Data shown>
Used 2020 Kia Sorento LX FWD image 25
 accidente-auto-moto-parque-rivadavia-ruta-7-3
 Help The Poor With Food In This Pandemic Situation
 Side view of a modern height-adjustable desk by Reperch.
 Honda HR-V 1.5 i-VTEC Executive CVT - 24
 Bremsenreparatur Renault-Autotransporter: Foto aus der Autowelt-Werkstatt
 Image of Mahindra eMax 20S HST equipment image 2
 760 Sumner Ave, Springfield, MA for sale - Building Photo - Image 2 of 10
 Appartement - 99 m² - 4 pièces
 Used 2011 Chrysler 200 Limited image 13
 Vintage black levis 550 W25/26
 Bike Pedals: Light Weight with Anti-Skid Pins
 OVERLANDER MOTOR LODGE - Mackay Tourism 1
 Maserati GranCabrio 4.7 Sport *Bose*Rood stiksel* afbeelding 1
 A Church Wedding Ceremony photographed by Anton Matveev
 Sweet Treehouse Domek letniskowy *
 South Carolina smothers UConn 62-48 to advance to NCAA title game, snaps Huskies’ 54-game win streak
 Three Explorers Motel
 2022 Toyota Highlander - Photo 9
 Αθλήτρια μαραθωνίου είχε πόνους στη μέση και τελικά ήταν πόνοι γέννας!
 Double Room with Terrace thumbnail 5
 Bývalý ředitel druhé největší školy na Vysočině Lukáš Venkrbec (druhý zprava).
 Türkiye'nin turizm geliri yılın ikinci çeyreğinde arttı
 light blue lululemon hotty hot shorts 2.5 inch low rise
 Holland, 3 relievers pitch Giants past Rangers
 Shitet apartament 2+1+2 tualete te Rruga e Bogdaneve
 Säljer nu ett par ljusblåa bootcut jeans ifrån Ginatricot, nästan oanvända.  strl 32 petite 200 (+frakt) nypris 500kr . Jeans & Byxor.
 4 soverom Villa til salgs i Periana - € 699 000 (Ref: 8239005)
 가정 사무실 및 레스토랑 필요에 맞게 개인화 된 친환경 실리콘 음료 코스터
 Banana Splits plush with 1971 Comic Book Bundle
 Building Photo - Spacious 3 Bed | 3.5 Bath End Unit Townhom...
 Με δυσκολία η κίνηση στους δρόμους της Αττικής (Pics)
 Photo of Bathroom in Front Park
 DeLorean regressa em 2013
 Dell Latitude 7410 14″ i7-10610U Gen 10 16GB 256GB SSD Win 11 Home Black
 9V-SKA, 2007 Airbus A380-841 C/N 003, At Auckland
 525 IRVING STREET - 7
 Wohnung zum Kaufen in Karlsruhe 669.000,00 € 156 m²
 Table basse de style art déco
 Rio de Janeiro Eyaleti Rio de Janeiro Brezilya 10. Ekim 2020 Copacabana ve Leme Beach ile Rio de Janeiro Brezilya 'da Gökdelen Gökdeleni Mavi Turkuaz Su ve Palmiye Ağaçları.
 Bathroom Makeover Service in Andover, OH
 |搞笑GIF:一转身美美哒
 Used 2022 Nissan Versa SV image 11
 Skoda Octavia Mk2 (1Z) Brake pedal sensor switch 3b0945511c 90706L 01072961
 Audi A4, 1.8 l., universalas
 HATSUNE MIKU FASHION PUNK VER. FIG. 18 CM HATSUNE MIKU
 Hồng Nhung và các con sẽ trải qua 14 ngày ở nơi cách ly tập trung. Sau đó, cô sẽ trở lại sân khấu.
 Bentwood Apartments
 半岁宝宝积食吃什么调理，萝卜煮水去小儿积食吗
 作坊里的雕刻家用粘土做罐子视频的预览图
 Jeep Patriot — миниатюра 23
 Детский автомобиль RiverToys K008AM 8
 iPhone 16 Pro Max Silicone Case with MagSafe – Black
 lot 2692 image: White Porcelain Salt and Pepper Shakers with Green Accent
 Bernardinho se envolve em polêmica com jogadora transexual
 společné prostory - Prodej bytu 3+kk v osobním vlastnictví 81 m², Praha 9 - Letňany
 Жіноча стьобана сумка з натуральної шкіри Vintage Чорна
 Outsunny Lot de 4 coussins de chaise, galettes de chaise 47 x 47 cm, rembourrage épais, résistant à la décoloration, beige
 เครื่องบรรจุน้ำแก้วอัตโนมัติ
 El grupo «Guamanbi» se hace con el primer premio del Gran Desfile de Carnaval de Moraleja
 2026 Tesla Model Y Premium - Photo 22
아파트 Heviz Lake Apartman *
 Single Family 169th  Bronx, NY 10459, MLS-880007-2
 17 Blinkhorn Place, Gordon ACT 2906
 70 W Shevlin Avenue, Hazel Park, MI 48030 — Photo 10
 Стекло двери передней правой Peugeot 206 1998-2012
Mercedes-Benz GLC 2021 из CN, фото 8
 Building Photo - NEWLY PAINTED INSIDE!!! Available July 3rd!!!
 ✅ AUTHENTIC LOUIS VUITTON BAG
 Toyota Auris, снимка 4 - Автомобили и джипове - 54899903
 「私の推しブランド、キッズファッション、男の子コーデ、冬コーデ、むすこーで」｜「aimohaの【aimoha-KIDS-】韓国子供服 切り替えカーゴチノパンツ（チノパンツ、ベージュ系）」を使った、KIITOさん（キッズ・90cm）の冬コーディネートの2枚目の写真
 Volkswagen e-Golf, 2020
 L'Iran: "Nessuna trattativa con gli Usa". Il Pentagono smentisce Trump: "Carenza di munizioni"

Exercise objective> Word for word, write out every record in the listing.

Solution to the exercise>
Used 2020 Kia Sorento LX FWD image 25
 accidente-auto-moto-parque-rivadavia-ruta-7-3
 Help The Poor With Food In This Pandemic Situation
 Side view of a modern height-adjustable desk by Reperch.
 Honda HR-V 1.5 i-VTEC Executive CVT - 24
 Bremsenreparatur Renault-Autotransporter: Foto aus der Autowelt-Werkstatt
 Image of Mahindra eMax 20S HST equipment image 2
 760 Sumner Ave, Springfield, MA for sale - Building Photo - Image 2 of 10
 Appartement - 99 m² - 4 pièces
 Used 2011 Chrysler 200 Limited image 13
 Vintage black levis 550 W25/26
 Bike Pedals: Light Weight with Anti-Skid Pins
 OVERLANDER MOTOR LODGE - Mackay Tourism 1
 Maserati GranCabrio 4.7 Sport *Bose*Rood stiksel* afbeelding 1
 A Church Wedding Ceremony photographed by Anton Matveev
 Sweet Treehouse Domek letniskowy *
 South Carolina smothers UConn 62-48 to advance to NCAA title game, snaps Huskies’ 54-game win streak
 Three Explorers Motel
 2022 Toyota Highlander - Photo 9
 Αθλήτρια μαραθωνίου είχε πόνους στη μέση και τελικά ήταν πόνοι γέννας!
 Double Room with Terrace thumbnail 5
 Bývalý ředitel druhé největší školy na Vysočině Lukáš Venkrbec (druhý zprava).
 Türkiye'nin turizm geliri yılın ikinci çeyreğinde arttı
 light blue lululemon hotty hot shorts 2.5 inch low rise
 Holland, 3 relievers pitch Giants past Rangers
 Shitet apartament 2+1+2 tualete te Rruga e Bogdaneve
 Säljer nu ett par ljusblåa bootcut jeans ifrån Ginatricot, nästan oanvända.  strl 32 petite 200 (+frakt) nypris 500kr . Jeans & Byxor.
 4 soverom Villa til salgs i Periana - € 699 000 (Ref: 8239005)
 가정 사무실 및 레스토랑 필요에 맞게 개인화 된 친환경 실리콘 음료 코스터
 Banana Splits plush with 1971 Comic Book Bundle
 Building Photo - Spacious 3 Bed | 3.5 Bath End Unit Townhom...
 Με δυσκολία η κίνηση στους δρόμους της Αττικής (Pics)
 Photo of Bathroom in Front Park
 DeLorean regressa em 2013
 Dell Latitude 7410 14″ i7-10610U Gen 10 16GB 256GB SSD Win 11 Home Black
 9V-SKA, 2007 Airbus A380-841 C/N 003, At Auckland
 525 IRVING STREET - 7
 Wohnung zum Kaufen in Karlsruhe 669.000,00 € 156 m²
 Table basse de style art déco
 Rio de Janeiro Eyaleti Rio de Janeiro Brezilya 10. Ekim 2020 Copacabana ve Leme Beach ile Rio de Janeiro Brezilya 'da Gökdelen Gökdeleni Mavi Turkuaz Su ve Palmiye Ağaçları.
 Bathroom Makeover Service in Andover, OH
 |搞笑GIF:一转身美美哒
 Used 2022 Nissan Versa SV image 11
 Skoda Octavia Mk2 (1Z) Brake pedal sensor switch 3b0945511c 90706L 01072961
 Audi A4, 1.8 l., universalas
 HATSUNE MIKU FASHION PUNK VER. FIG. 18 CM HATSUNE MIKU
 Hồng Nhung và các con sẽ trải qua 14 ngày ở nơi cách ly tập trung. Sau đó, cô sẽ trở lại sân khấu.
 Bentwood Apartments
 半岁宝宝积食吃什么调理，萝卜煮水去小儿积食吗
 作坊里的雕刻家用粘土做罐子视频的预览图
 Jeep Patriot — миниатюра 23
 Детский автомобиль RiverToys K008AM 8
 iPhone 16 Pro Max Silicone Case with MagSafe – Black
 lot 2692 image: White Porcelain Salt and Pepper Shakers with Green Accent
 Bernardinho se envolve em polêmica com jogadora transexual
 společné prostory - Prodej bytu 3+kk v osobním vlastnictví 81 m², Praha 9 - Letňany
 Жіноча стьобана сумка з натуральної шкіри Vintage Чорна
 Outsunny Lot de 4 coussins de chaise, galettes de chaise 47 x 47 cm, rembourrage épais, résistant à la décoloration, beige
 เครื่องบรรจุน้ำแก้วอัตโนมัติ
 El grupo «Guamanbi» se hace con el primer premio del Gran Desfile de Carnaval de Moraleja
 2026 Tesla Model Y Premium - Photo 22
아파트 Heviz Lake Apartman *
 Single Family 169th  Bronx, NY 10459, MLS-880007-2
 17 Blinkhorn Place, Gordon ACT 2906
 70 W Shevlin Avenue, Hazel Park, MI 48030 — Photo 10
 Стекло двери передней правой Peugeot 206 1998-2012
Mercedes-Benz GLC 2021 из CN, фото 8
 Building Photo - NEWLY PAINTED INSIDE!!! Available July 3rd!!!
 ✅ AUTHENTIC LOUIS VUITTON BAG
 Toyota Auris, снимка 4 - Автомобили и джипове - 54899903
 「私の推しブランド、キッズファッション、男の子コーデ、冬コーデ、むすこーで」｜「aimohaの【aimoha-KIDS-】韓国子供服 切り替えカーゴチノパンツ（チノパンツ、ベージュ系）」を使った、KIITOさん（キッズ・90cm）の冬コーディネートの2枚目の写真
 Volkswagen e-Golf, 2020
 L'Iran: "Nessuna trattativa con gli Usa". Il Pentagono smentisce Trump: "Carenza di munizioni"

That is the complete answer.